John Powers writes that Boston’s advantage in an Olympic bid could be transit and walking, and, “by contrast, Los Angeles would have five of its facilities in Long Beach, 25 miles to the south” (“Possible advantage in Olympic bid,” Page A1, Sept. 16). This comparison ignores the LA Metro Blue Line, a light-rail line opened in 1990 between downtown LA and downtown Long Beach. It carries 90,000 riders daily, a level of demand that would overwhelm any of the MBTA Green Line branches.
The comparison also ignores pedestrian and bicycle master plans that both LA and Long Beach have undertaken recently, as well as a revival of Olmsted’s Los Angeles River plans. And it ignores the half-cent sales tax that LA County voters approved in 2008 to accelerate transportation projects, including five rail corridors.

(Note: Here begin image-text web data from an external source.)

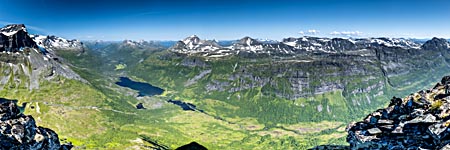 Innerdalen und Bergpass Bjøråskaret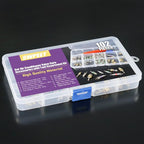 Swpeet 36Pcs Air Conditioner R12 R134a Valve Cores Kit, Including Assortment R12 R134a Valve Core Refrigeration Tire Valve St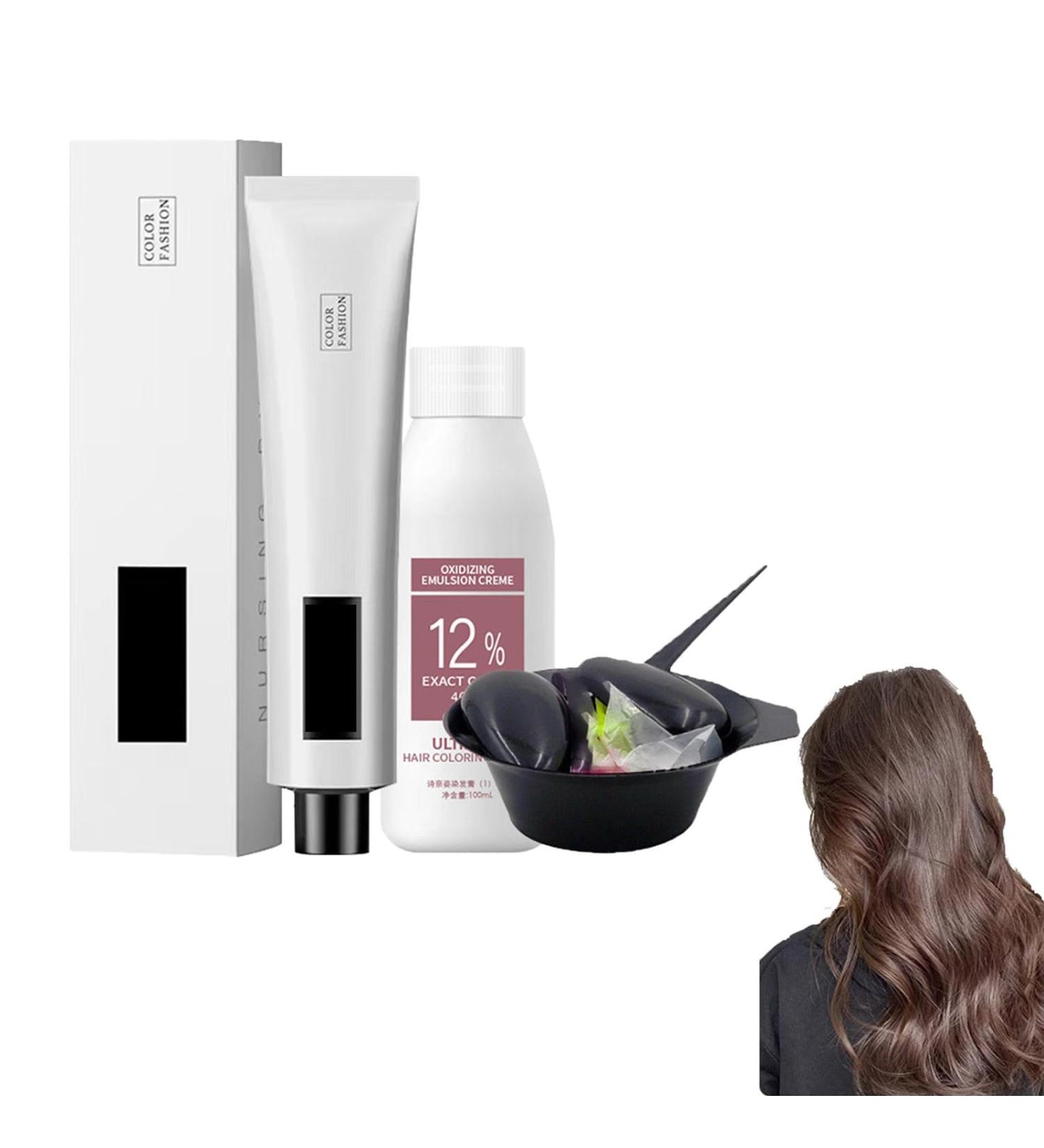 Dyemiss Color Shampoo Dyemiss Hair Coloring Shampoo No Bleaching Hair Nourishing Coloring Hair Dye Dyemiss Hair Dye Diy Fashion Hair Dye for Men and Wome (Color : Coffee color) - Buy Online on SooperMarket.com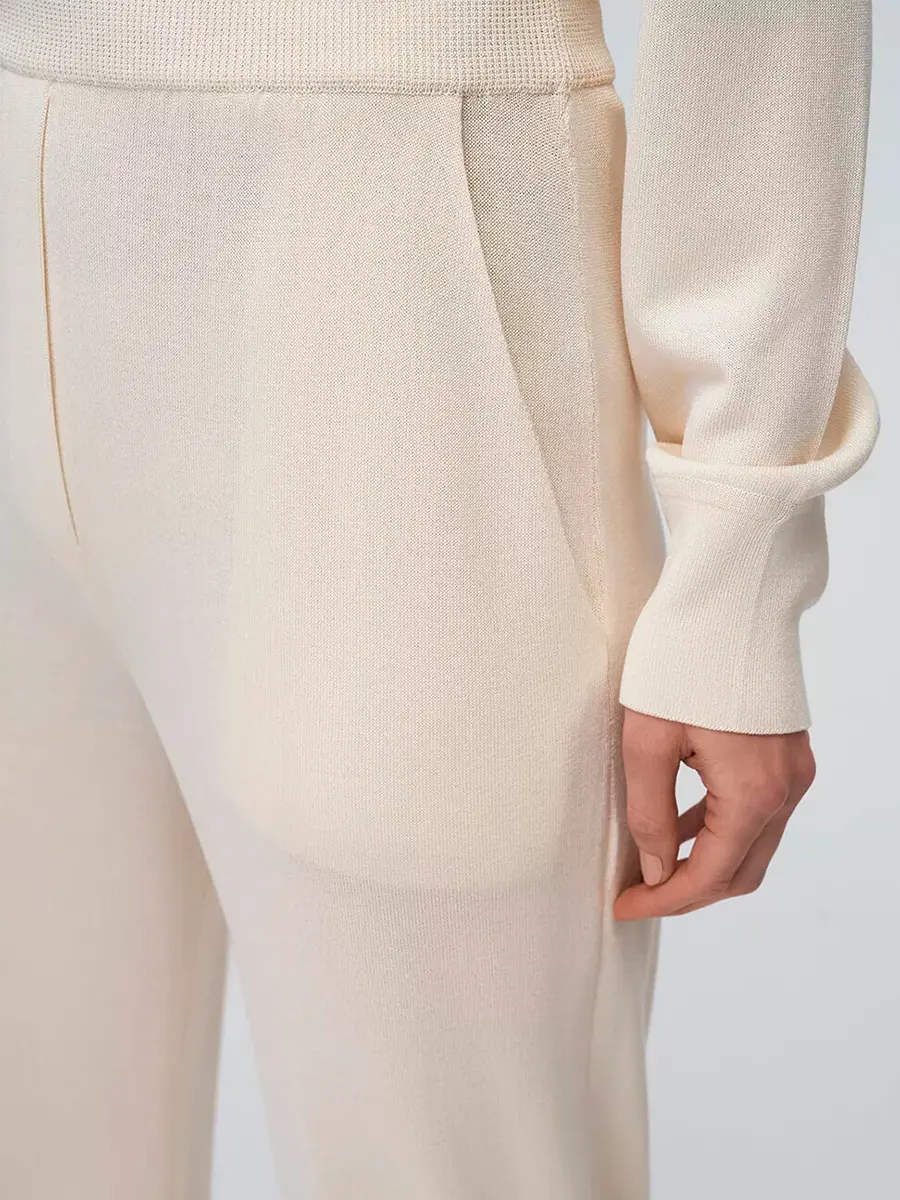 Брюки шелковые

Meanwhile, the Green Line extension to Somerville is years behind its legal obligations, and Massachusetts voters are contemplating further undercutting transportation funding by removing inflation adjustment for the gas tax.
True, the 1984 Los Angeles Olympics relied so heavily on freeways that organizers reputedly had helicopters ready to airlift stalled cars that might cause gridlock. Boston may have had a transit and walking advantage then, but we’ve fallen behind in the past 30 years.